A Farm Foundation study written by three economists at Purdue University offers an interesting look at the the forces driving food prices. The study, “What’s Driving Food Prices?”, is available here. If you have a few minutes, the audio report by the report's lead author Wally Tyner is a good listen.
Tyner noted that in the 2004 to early 2008 period, oil prices went from $40 to $120 a barrel, while corn went from about $2 to $6 a bushel. He said 75 percent of that increase in corn price was due to high oil prices, while only 25 percent was due to an ethanol subsidy. He noted, though, that the subsidy was important and essential for development of the ethanol industry and that in recent times it has not been as nearly an important driver in corn prices as has oil.
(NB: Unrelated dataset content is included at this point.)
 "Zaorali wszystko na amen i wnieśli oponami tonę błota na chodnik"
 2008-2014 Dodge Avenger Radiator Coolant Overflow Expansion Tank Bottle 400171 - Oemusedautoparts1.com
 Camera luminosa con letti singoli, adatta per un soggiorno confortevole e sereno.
In the report, Tyner said removing the subsidy would not return corn prices to those seen over the past decade - unless crude oil prices fell as well.
Interestingly, the study does not attribute growth in demand for grains by India or China as a driver in higher grain and food prices. Tyner said although demand is increasing in those countries, their production is also growing, as both countries would like to be self sufficient in these areas. He said China and India don't trade ag commodities to any great degree, especially corn or wheat, so their impact is minimal. China's demand for oil, however, does impact the oil markets.
As for the weak dollar, the study said the dollar's decline over the last few years has been an important factor in overall higher prices. The analysis "clearly shows" the historic links and how they have differed from one period to another depending on what else was going on in the global economy, the study said. "Oil, agricultural commodities and most other commodities are priced in U.S. dollars but are purchased in the local currency. So when the U.S. dollar falls as it has over the past six years, there must be a link with commodity prices," it said.